Assigned task
Each entry should be repeated exactly. Its pictures should not be.

------ Records for this exercise ------

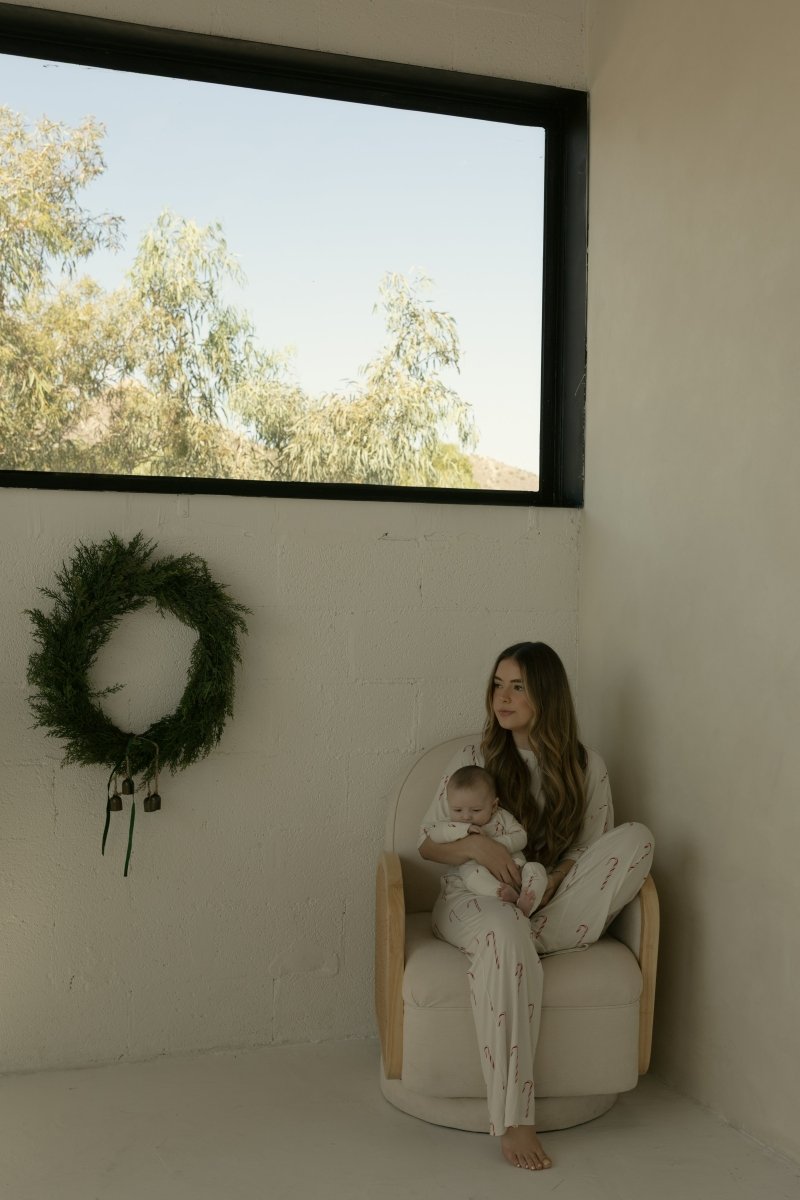 Women's Boxy Tee Lounge Set - Candy Cane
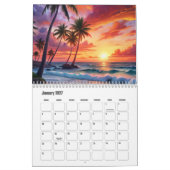 美しい夕日 カレンダー (1月 2027)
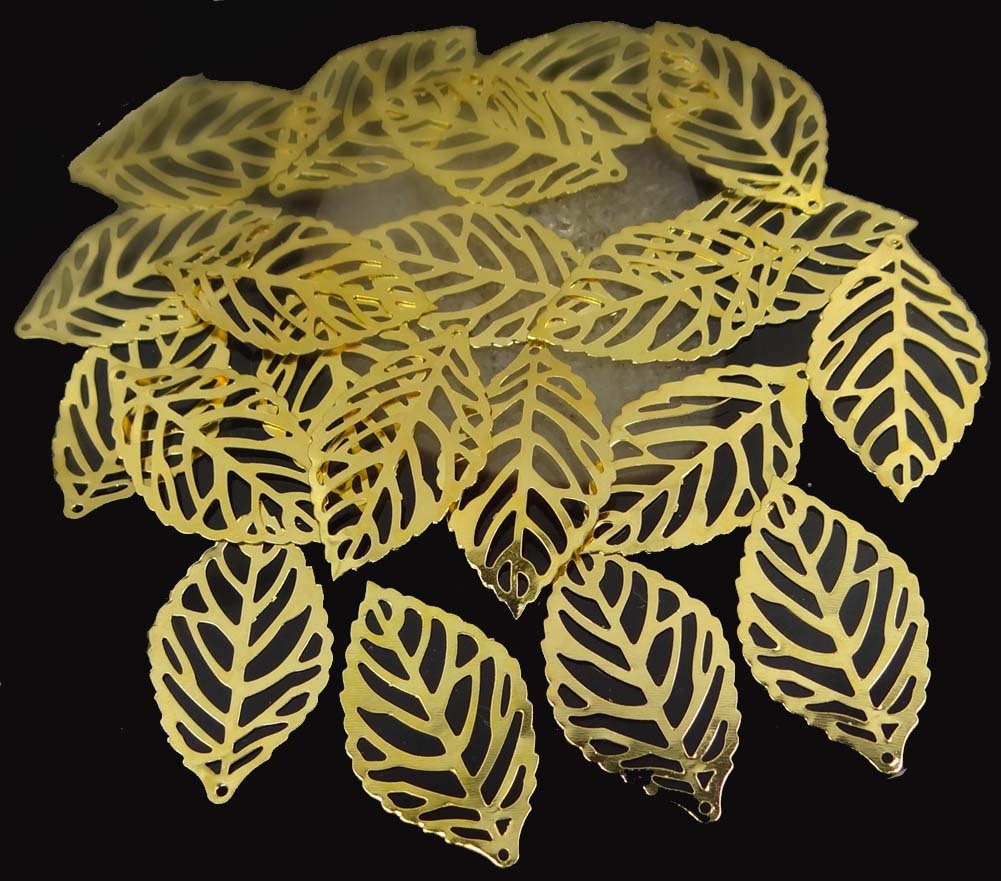 20 Glod Plated Filigree Leaf Stamp Focal Pendant 35x20mm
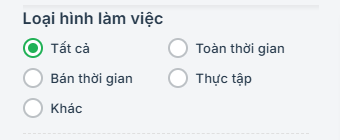 Tìm việc làm theo loại hình làm việc trên TopCV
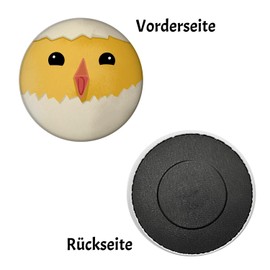 Chick in Egg Magnet Round Cute Magnet Round for the Fridge for Attaching Photos, Postcards or Household Plan for Real Farmers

------

Your solution
 Women's Boxy Tee Lounge Set - Candy Cane
 美しい夕日 カレンダー (1月 2027)
 20 Glod Plated Filigree Leaf Stamp Focal Pendant 35x20mm
 Tìm việc làm theo loại hình làm việc trên TopCV
 Chick in Egg Magnet Round Cute Magnet Round for the Fridge for Attaching Photos, Postcards or Household Plan for Real Farmers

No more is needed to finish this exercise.